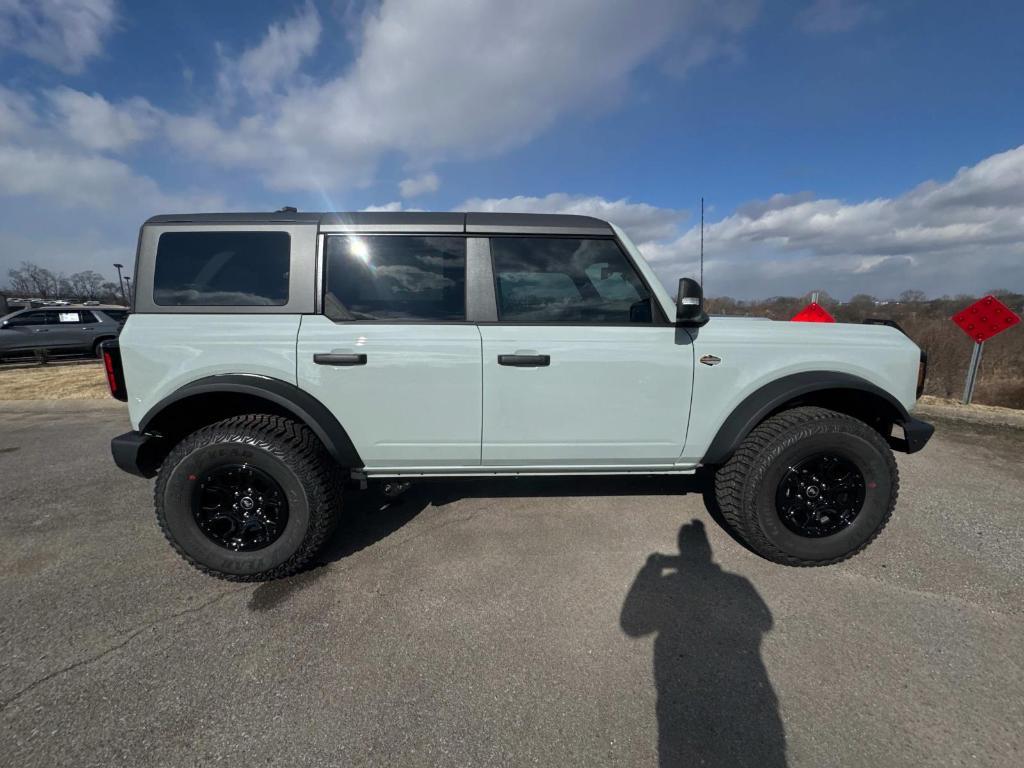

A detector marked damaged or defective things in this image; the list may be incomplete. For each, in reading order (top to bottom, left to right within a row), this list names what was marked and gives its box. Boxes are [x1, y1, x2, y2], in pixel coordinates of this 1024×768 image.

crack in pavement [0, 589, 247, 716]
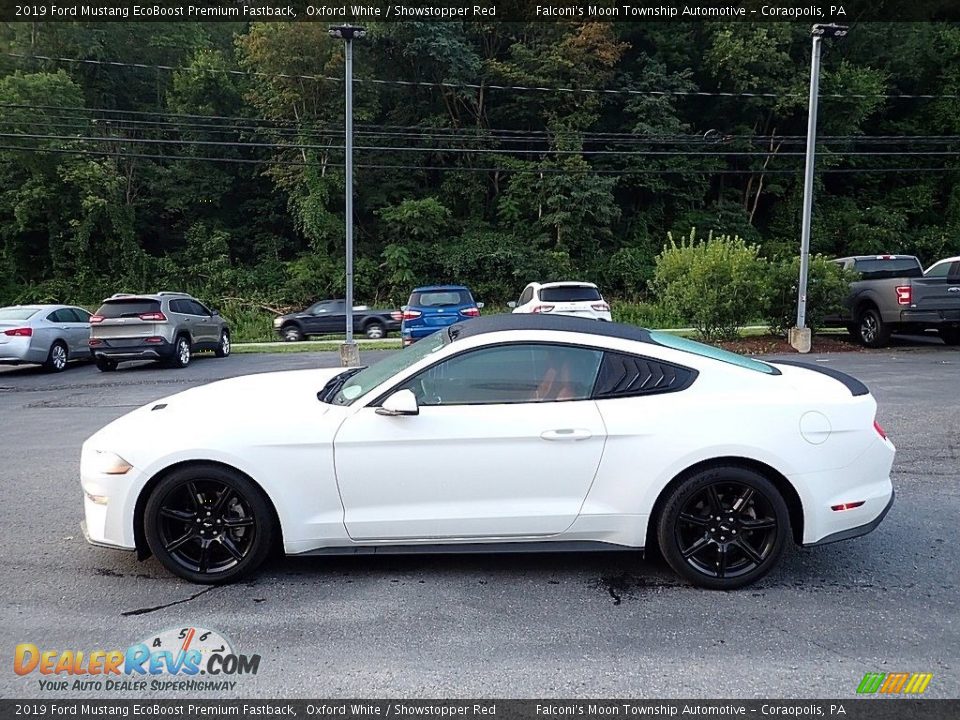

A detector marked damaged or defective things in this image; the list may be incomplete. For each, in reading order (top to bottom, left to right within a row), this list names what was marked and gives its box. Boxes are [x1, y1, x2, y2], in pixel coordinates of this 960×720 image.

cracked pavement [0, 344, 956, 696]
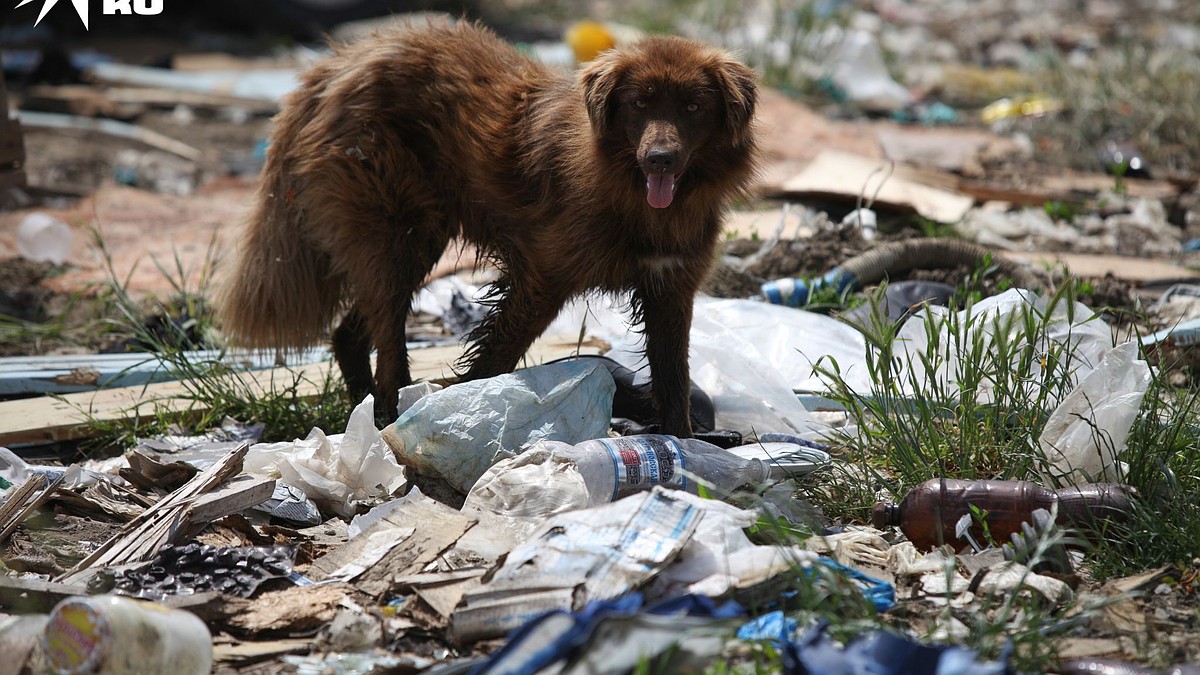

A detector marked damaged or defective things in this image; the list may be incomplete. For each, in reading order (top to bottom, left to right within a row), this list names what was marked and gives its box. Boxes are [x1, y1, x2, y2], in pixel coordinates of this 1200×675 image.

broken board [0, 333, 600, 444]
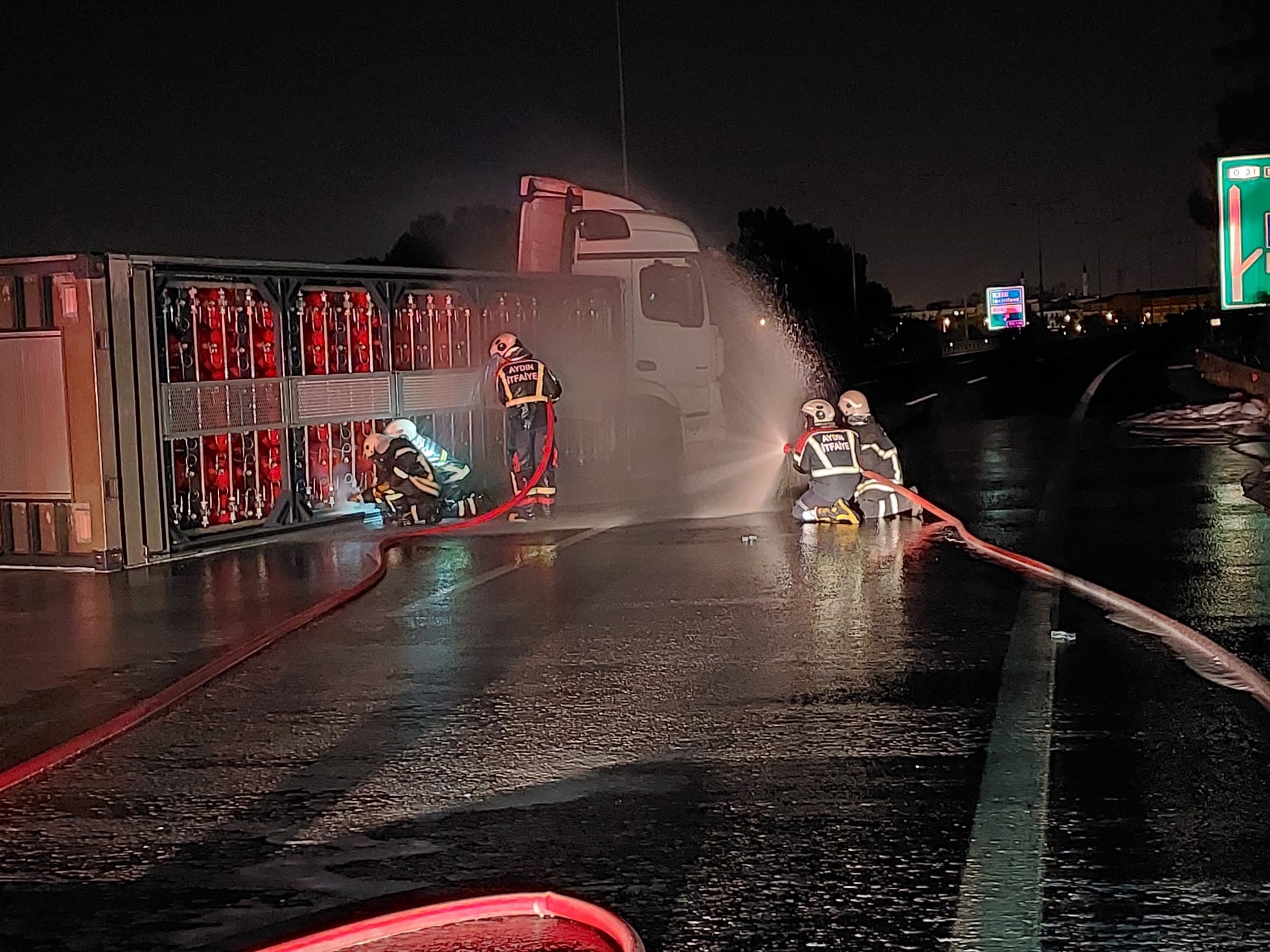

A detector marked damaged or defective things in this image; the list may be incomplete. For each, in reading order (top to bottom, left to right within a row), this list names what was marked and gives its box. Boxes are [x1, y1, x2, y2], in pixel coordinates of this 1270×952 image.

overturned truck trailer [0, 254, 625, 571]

◆ **WHAT TO DO**
Starting at the line with "this 1270×952 image.", print each remaining line of the listing above exactly as it appears.

◆ **ANSWER TO THE EXERCISE**
A detector marked damaged or defective things in this image; the list may be incomplete. For each, in reading order (top to bottom, left to right within a row), this list names what was marked and gives its box. Boxes are [x1, y1, x2, y2], in pixel coordinates of this 1270×952 image.

overturned truck trailer [0, 254, 625, 571]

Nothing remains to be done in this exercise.